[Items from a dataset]
=== Section Start ===
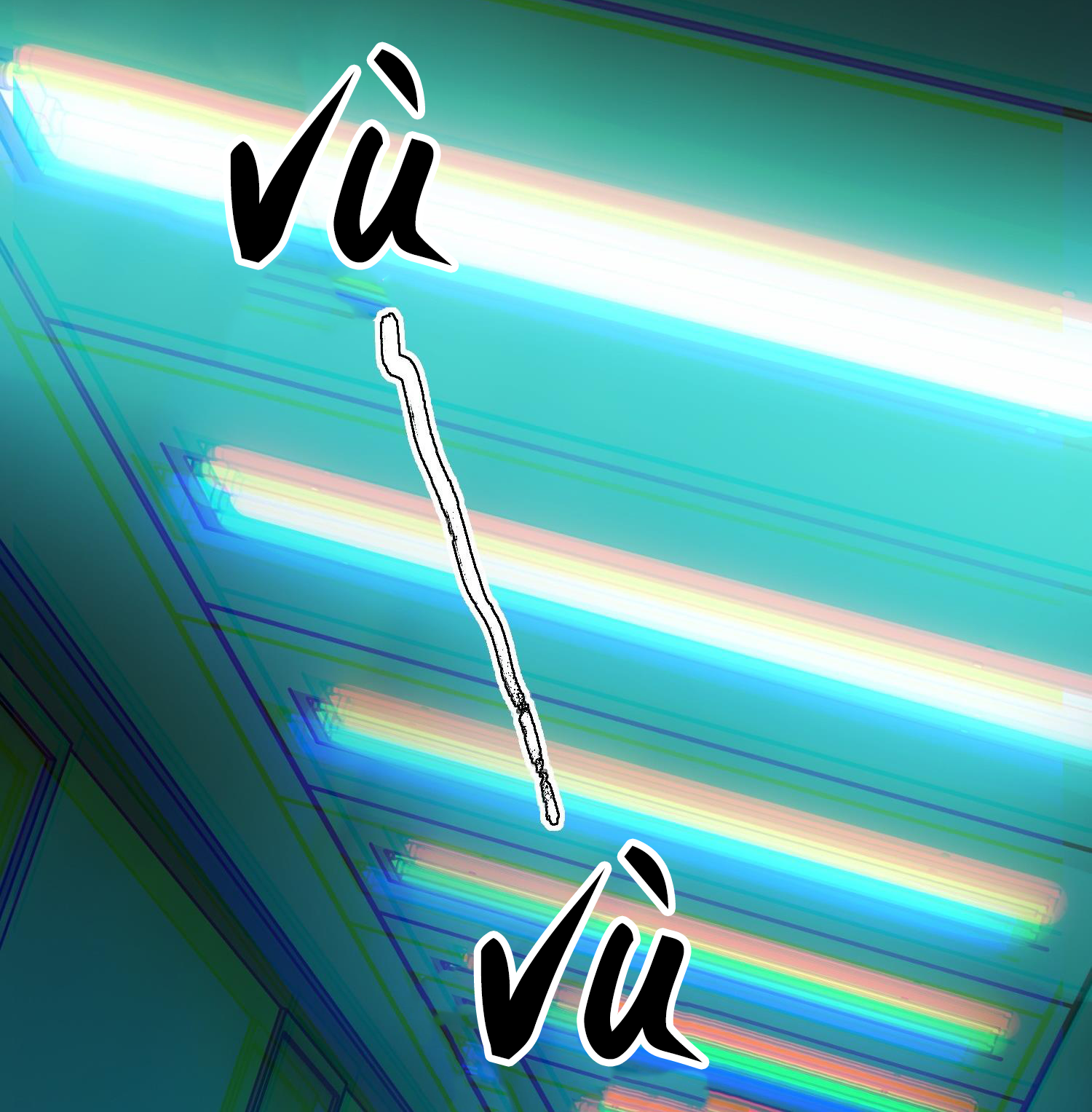 TÔI PHẢI LÀM MỘT KẺ ĐẠI XẤU XA - Chap 75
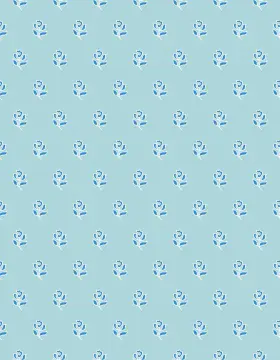 Buti Design Print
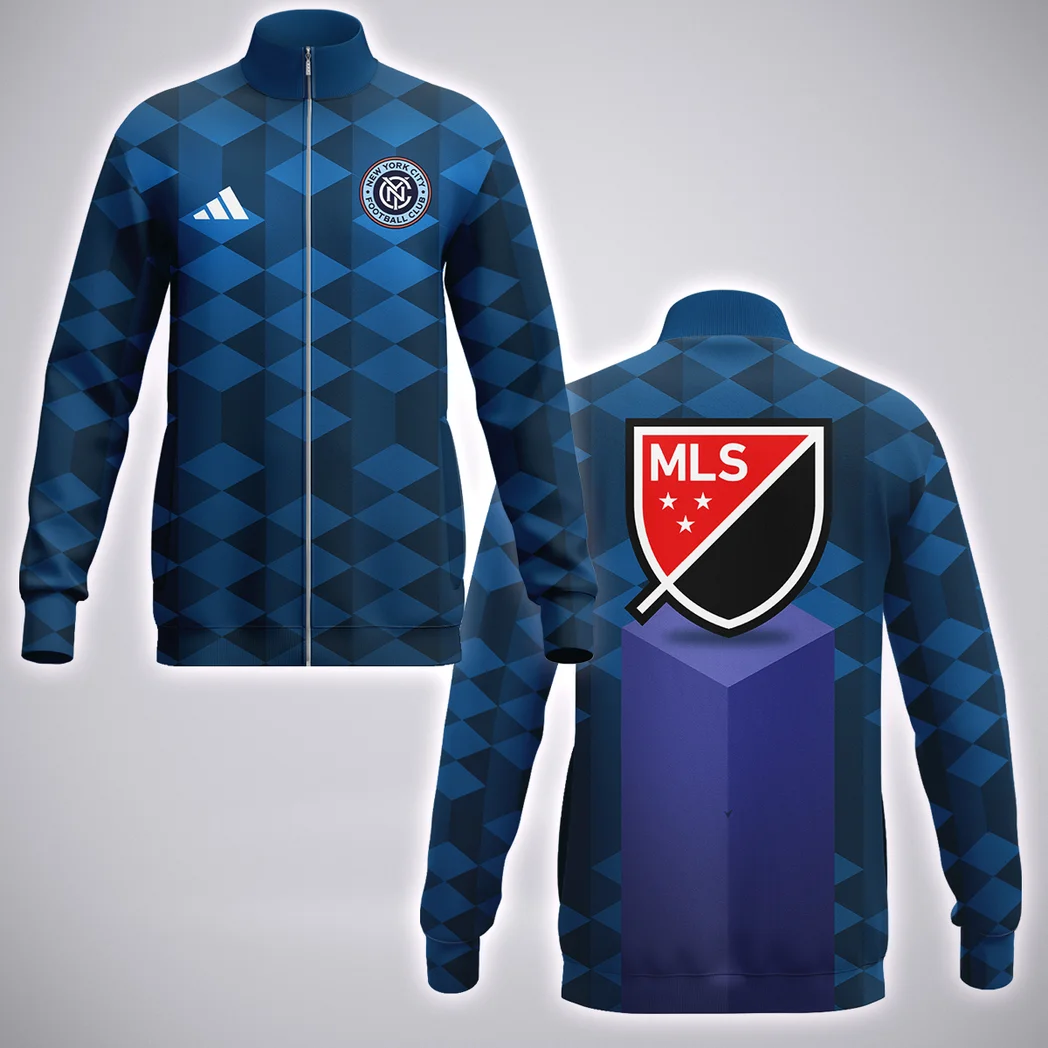 Game Beat Stand Collar Jacket, Sporty Jacket for Men & Women HVN1311NY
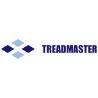 Treadmaster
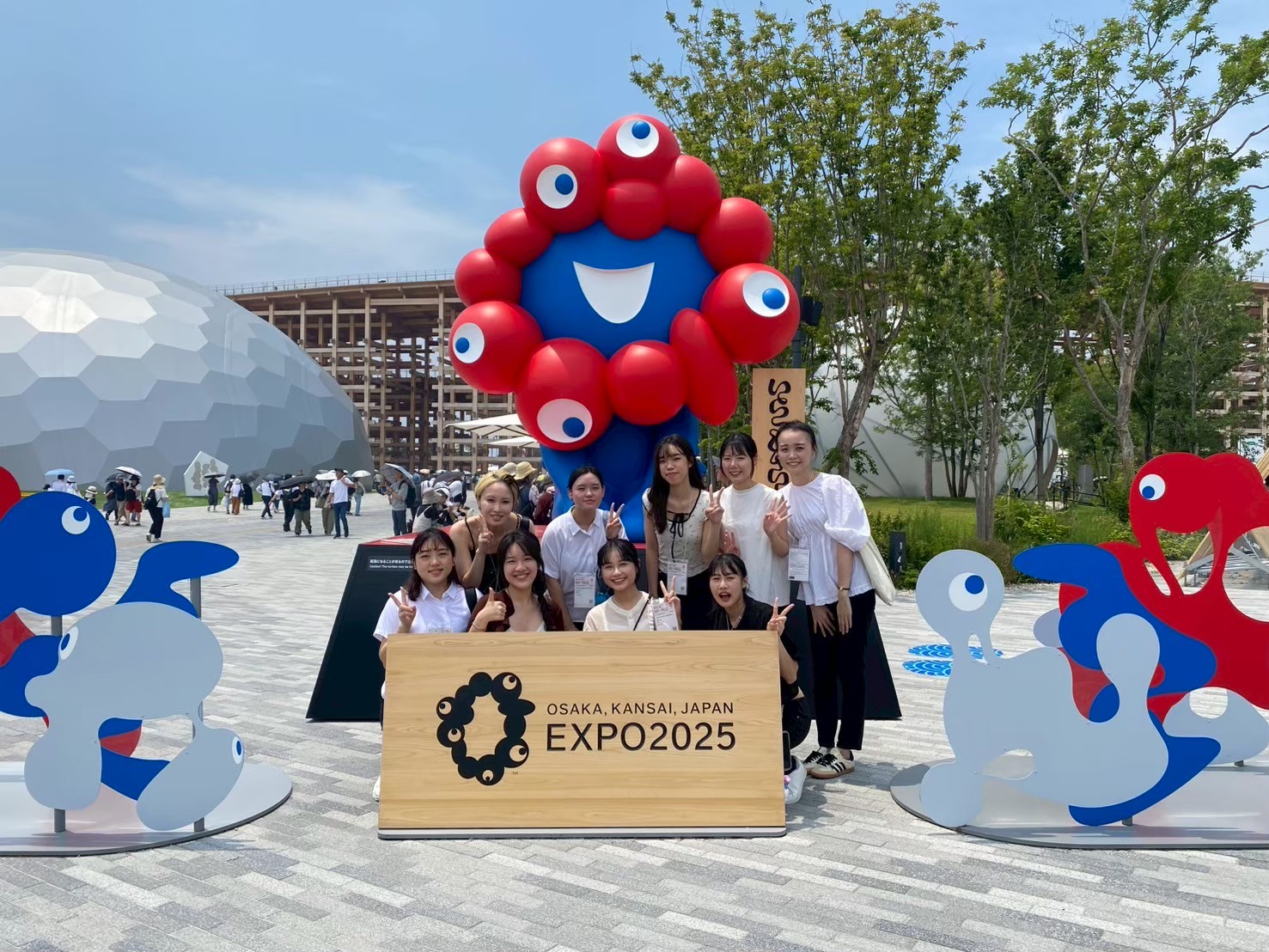 圖片標題:圖片1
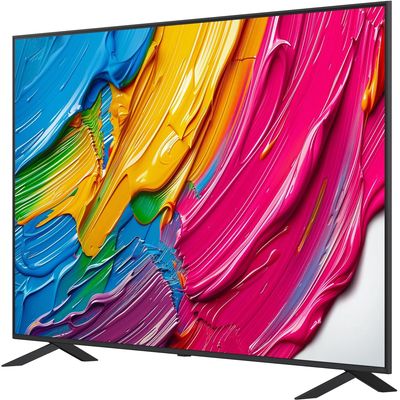 75 LG 75QNED80A6A (2025)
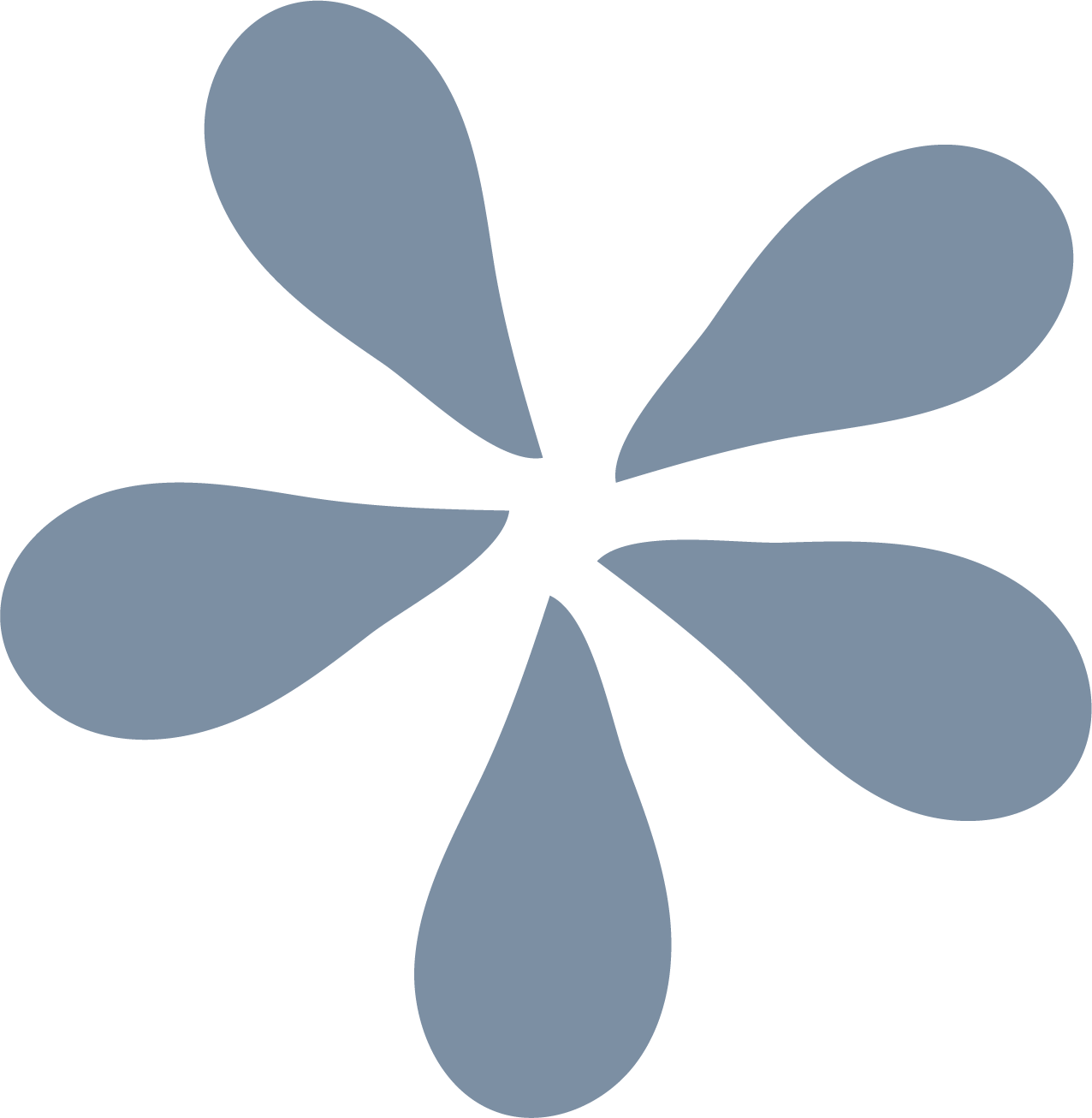 Balance and Bloom Counseling and Play Therapy STL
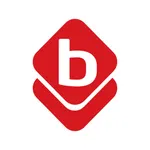 Bursada Bugün icon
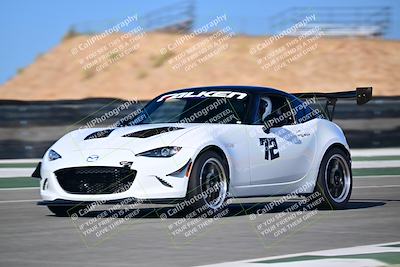 media/Sep-28-2025-Speed Ventures (Sun) [[cf5fbece84]]/Orange group/Turn 1 and 3 Exit/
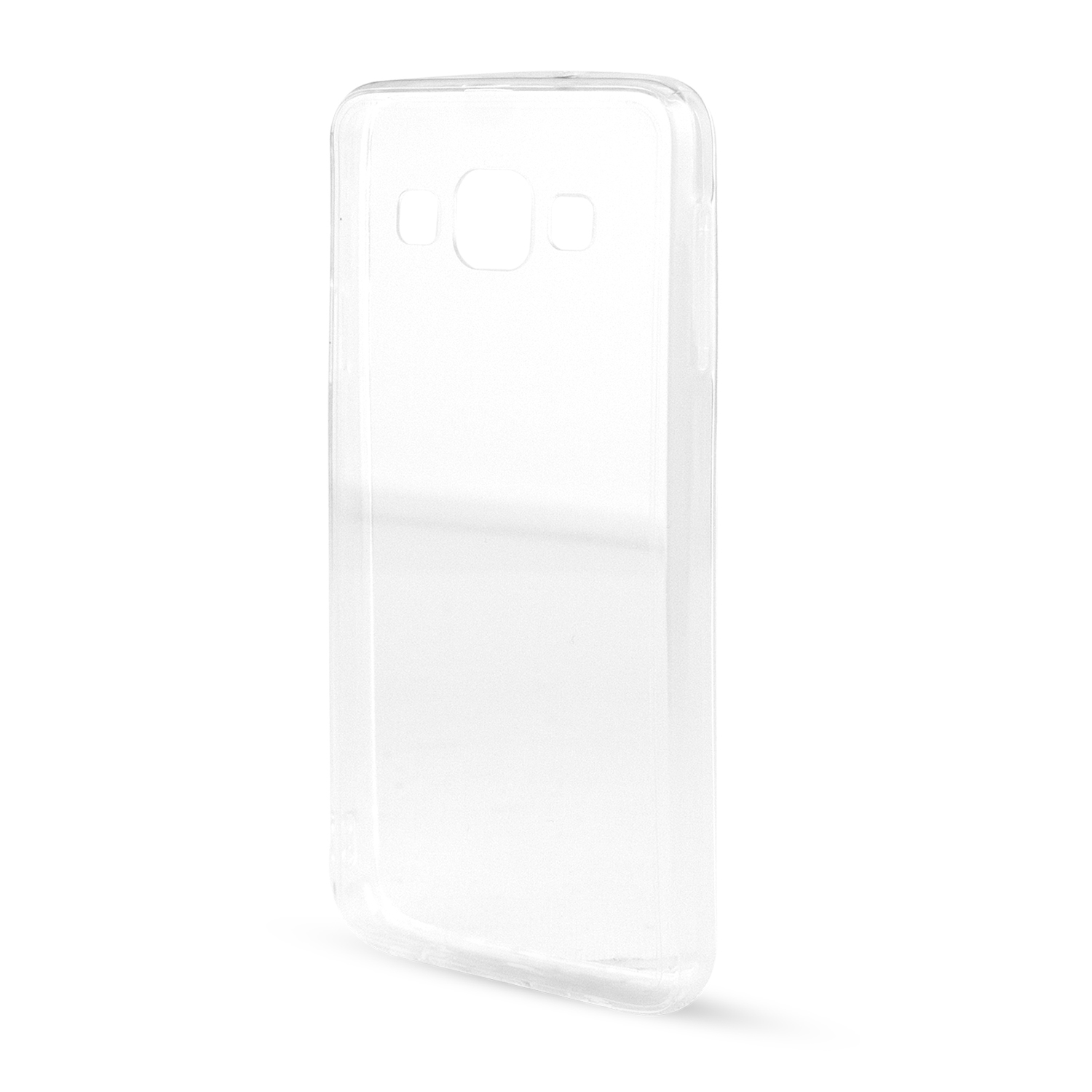 Area CRCBMPSA2015C mobile phone case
=== Section End ===
» Problem requirements
Copy exactly the lines from the one containing "75 LG 75QNED80A6A (2025)" through the last line of the records above, including both, and omit every picture.

» Output for this exercise
 75 LG 75QNED80A6A (2025)
 Balance and Bloom Counseling and Play Therapy STL
 Bursada Bugün icon
 media/Sep-28-2025-Speed Ventures (Sun) [[cf5fbece84]]/Orange group/Turn 1 and 3 Exit/
 Area CRCBMPSA2015C mobile phone case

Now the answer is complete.